Structured Datatypes and the Ontology Web Language

A proposed issue for the Web Ontology Working Group

Integrating structured (e.g. XML and multimedia) datatypes into the ontology web language falls within the charter and an explicit requirement of the Ontology Web Language.

Dan Brickley has posted a terrific (IMHO) summary of the requirement: http://lists.w3.org/Archives/Public/public-webont-comments/2002Apr/0004.html

The XML and before that, the SGML, communities have had a long interest in the graphical representation and manipulation of structured, including multimedia, information, which has been called "Groves" (Graphical Representation Of property ValuES) [1,2]. Such representations lead themselves naturally as RDF descriptions [3]. It has been the explicit hope that an RDF Schema description of the XML Infoset will allow "validation" of an RDF/Infoset representation of an XML document [4].

I propose that WebOnt accept this challenge (my preliminary work suggests that we are up to the task).
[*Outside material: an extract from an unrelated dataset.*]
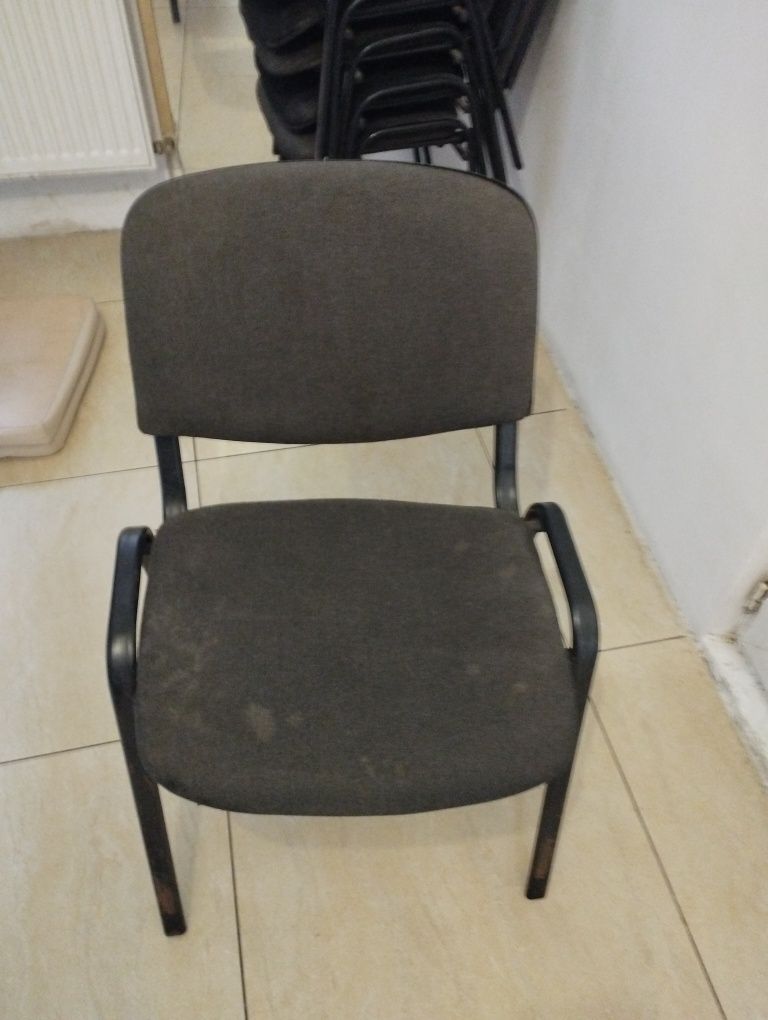 Vând scaune negre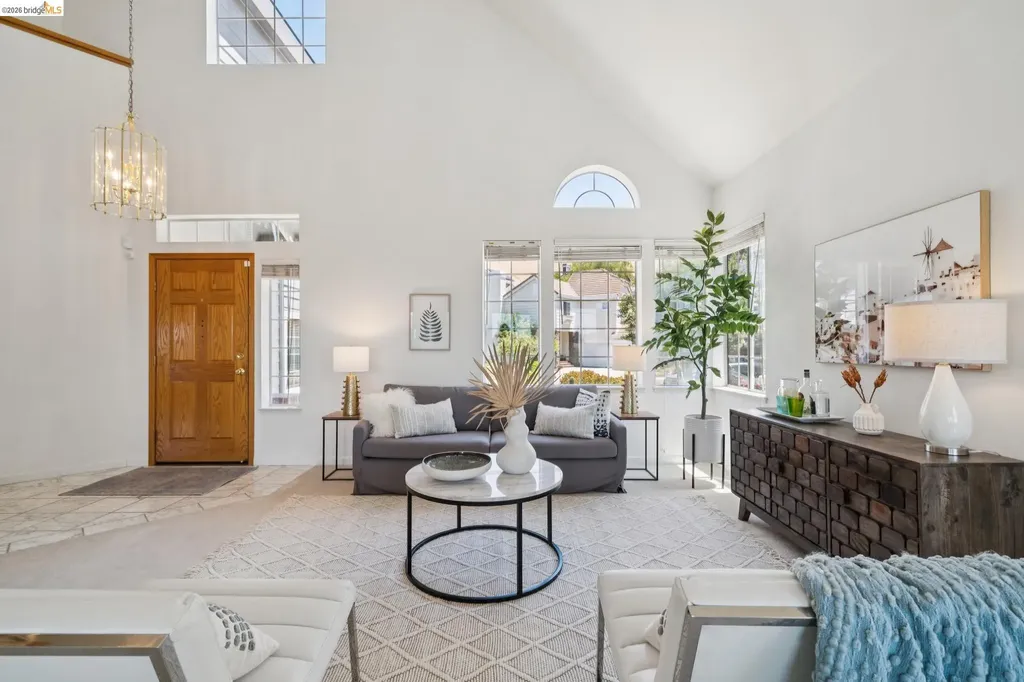 144 Joscolo View Clayton CA 94517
Integrating XML and XML Schema datatypes in this fashion will provide a concrete and tangible benefit provided by OWL to the XML community, as well as properly allowing OWL to reason about structured XML and multimedia datatypes.

RDF Core is developing MT extensions for simple or concrete datatypes. The proposal which is outlined below is not a duplication of this effort, rather directed at complex or structured datatypes. I will discuss why the approach taken by RDF Datatypes, while perfectly reasonable for concrete datatypes, cannot be directly extended to structured datatypes, primarily due to some technical details with respect to XML Schema.

To summarize:

1) There is a desire to incorporate and reason about structured datatypes (e.g. XML Schema complexTypes)

2) RDF Datatypes, and by extension OWL's DatatypeProperty deals with concrete or string based datatypes (e.g. XML Schema simpleTypes). A preliminary WD is at http://www-nrc.nokia.com/sw/rdf-datatyping.html

3) Technical issues involved with integration of general XML types, XML Schema datatypes  and XQuery formal types are discussed below.

4) A proposed solution to the problem of integrating general XML Schema datatypes is presented.

Issues involved with integration of XML types and XML Schema datatypes into OWL:

In a perfect RDF world there would be a URIreference for each XML Schema type (otherwise known as an XML Schema particle). It turns out that XML Schema has defined URIs for a fixed set of basic datatypes but this involves doing a bit of weirdness with internal XML subsets and labelling these specific XML Schema particles with "id"s. Suffice to say that 99.9% of XML Schemas in the wild don't go to this effort, nor should our solution mandate it. See http://www.w3.org/2001/XMLSchema.xsd for details.

For those of you at home, XML Schema type names are XML QNames (e.g. xsd:string) and at face value it should be, and is, possible to derive a URIreference from a QName, the problem being that an XML Schema may use the same QName for each of an element, attribute, simple and complex type definition. That is the QName does not uniquely define an XML Schema particle.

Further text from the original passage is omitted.